Meta Q3 Report Shows That Company Revenue Increased by 23%
- Posted on October 26, 2023
- Featured
- By PETER AGADA
Meta recently announced that Facebook’s daily average users (DAUs) have risen by 5% year-on-year to 2.09 billion in September 2023. Meta made this known in its recent earnings report for Q3 2023.
The report shows that the branches of apps owned by Meta, which include WhatsApp, Messenger, Instagram, Facebook, and Threads, have reached a total daily average user of 3.14 billion as of September 2023, and this signifies a 7% growth year on year.
It also shows that Facebook is the most used app in the Meta family; the app currently has 2.09 billion DAUs, and Facebook accounts for 66.5% of daily users. Meta said it has more than 3.9 billion people who are currently using the apps every month.
Talking about the increase in users, Meta announced that the company generated a total of $34.15 billion in revenue in Q3, which signifies an increase of 23% year-over-year. The company also said that it saw an increase in ad impressions across all its apps in the quarter under review.
In the third quarter of 2023, ad impressions delivered across our Family of Apps increased by 31% year-over-year and the average price per ad decreased by 6% year-over-year, Meta said.
Read the complete Q3 report here
Meta Plans for 2024, Zuckerberg Announced
Speaking on Meta's Wednesday Q3 results, Zuckerberg expressed his satisfaction with Meta’s performance and shared some of the company’s plans for the coming year.
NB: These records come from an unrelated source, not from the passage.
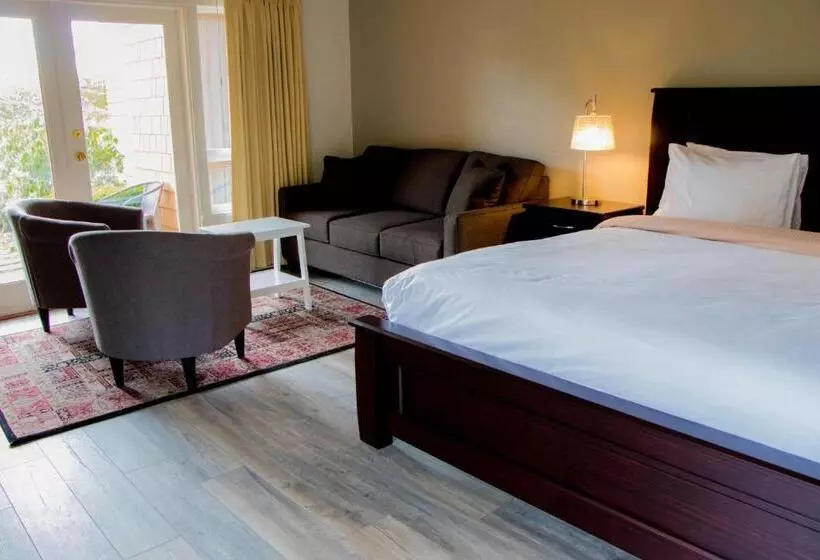 Hotelli Galiano Oceanfront Inn & Spa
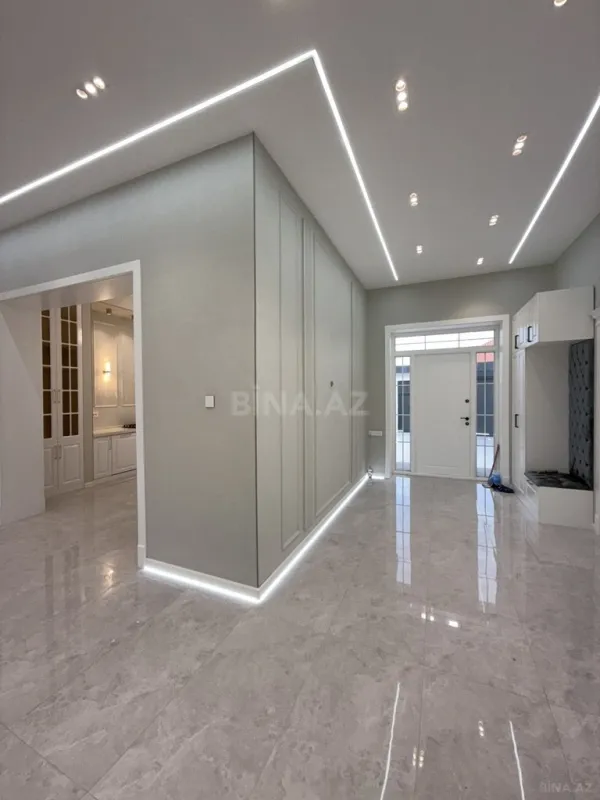 Satılır 5 otaqlı həyət evi 265 m²
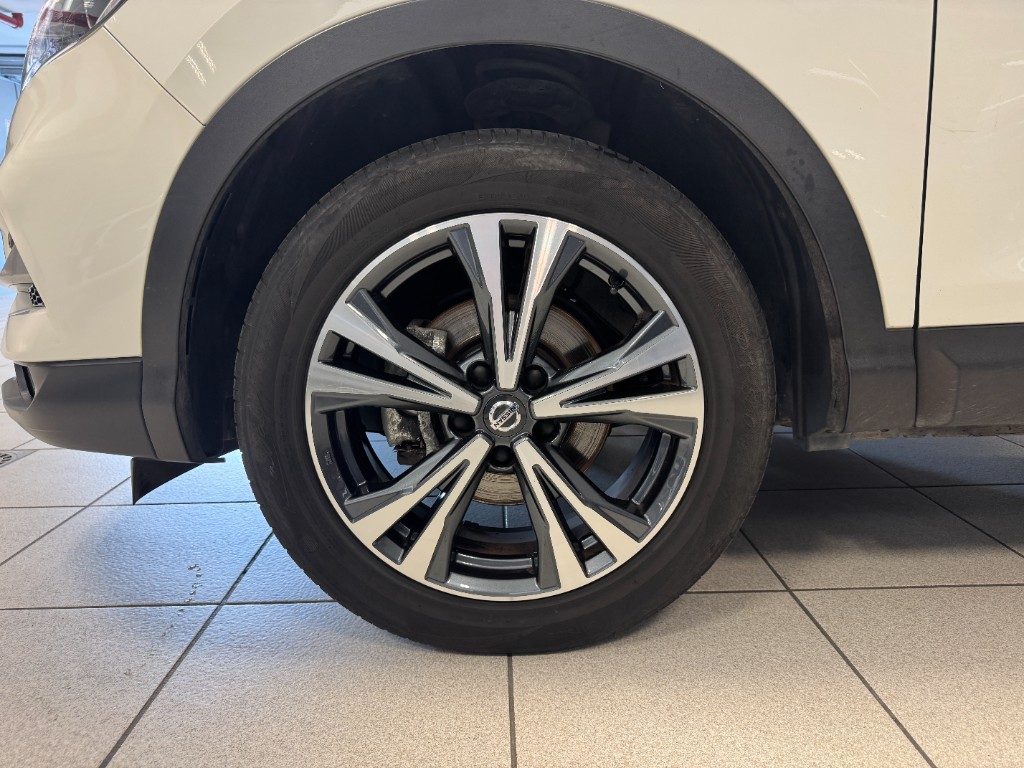 NISSAN Qashqai 1.2 DIG-T N-Connecta - 6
As we’re looking ahead and planning for next year, I wanted to share a few thoughts on what I’m expecting. I’ve been happy with our results this year so far, and we’re planning to continue focusing on operating efficiently going forward—both because it creates a more disciplined and lean culture and also because it provides stability to see our long-term initiatives through in a very volatile world.
In terms of investment priorities, AI will be our biggest investment area in 2024, both in engineering and computing resources. But I want to avoid allocating a lot of new headcounts, so we’re going to continue deprioritizing a number of non-AI projects across the company to shift people towards working on AI instead.
On the recruiting front, one dynamic that I want to flag is that we have a sizable hiring backlog right now since part of our layoffs earlier this year included teams swapping out certain skills to be able to hire others, and we’re still going to be hiring for those roles going into 2024. That means that even though we’re planning to grow headcount at a much slower rate going forward, the actual rate next year may temporarily be faster as we work through this hiring backlog.